Iraq is a major Arab, Muslim country. Its capital, Baghdad, is special to Sunni Muslims because the Abbasid empire built it and ruled from it. Having American troops occupy it for 8 years, humiliate its citizens, shoot people at checkpoints, and torture people in military prisons was a very bad idea. Some people treated that way become touchy, and feel put down, and won’t take slights to their culture and civilization any longer. Maybe the staff at Charlie Hebdo would be alive if George W. Bush and Richard Bruce Cheney hadn’t modeled for the Kouashi brothers how you take what you want and rub out people who get in your way.

That last part is supposition, but it’s well-informed supposition. Just as the terrorist attacks of 9/11 triggered a massively wrong-footed reaction that served the cause of al Qaeda a lot more than it did national security, the Paris massacre was designed to cause a massively wrong-footed reaction that could radicalize Muslims in Europe. But you’ll never get a true Islamophobe to admit, or even see, that he’s being played.
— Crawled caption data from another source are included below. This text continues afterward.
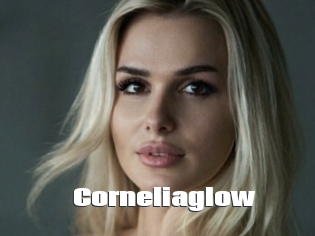 Corneliaglow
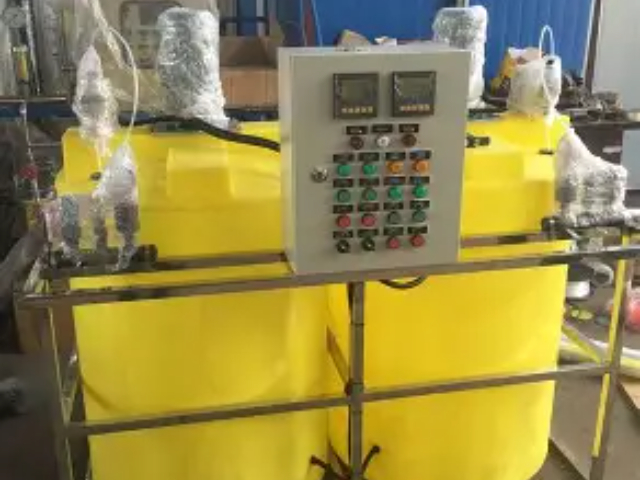 四川自動(dòng)污水提升設(shè)備購(gòu)買(mǎi) 廣州市雙新環(huán)保設(shè)備供應(yīng)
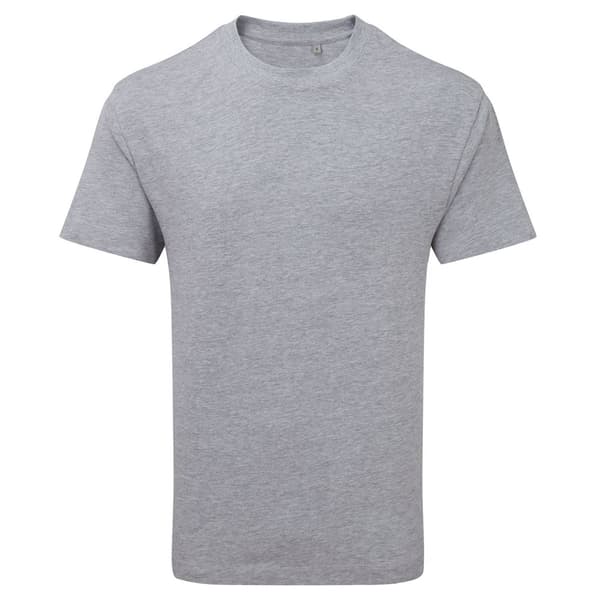 Anthem Heavyweight T-shirt til mænd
See also “Muslims Around the World Condemn the Charlie Hebdo Attack” and “‘Religious Violence’ Isn’t Just Religious.”

7 thoughts on “It Wasn’t About the Cartoons

  1. Pingback: When Righteousness Kills – The Massacre in Paris | Rethinking Religion

  2. No, they won’t read it, so they won’t grok what Juan Cole’s (imo – valid) point is.

    Even though, to his credit – outside of his stupid “Crusade” comments – GWB didn’t go out of his way to criticize the Muslim religion – and was rather careful about what he said (or, what was written for him) – our conservatives think the only good Muslim, is a dead Muslim!

    So, to enhance recruitment, the various Middle Eastern terrorist organizations want to further divide people all across Europe, and so, one of them decided to attack this French humor magazine.
    The cartoons were the excuse.
    The goal of the attack was to get the cartoonish and easily excitable religious bigots in France to have a visceral and violent reaction against the mostly secular people with Muslim roots who live there.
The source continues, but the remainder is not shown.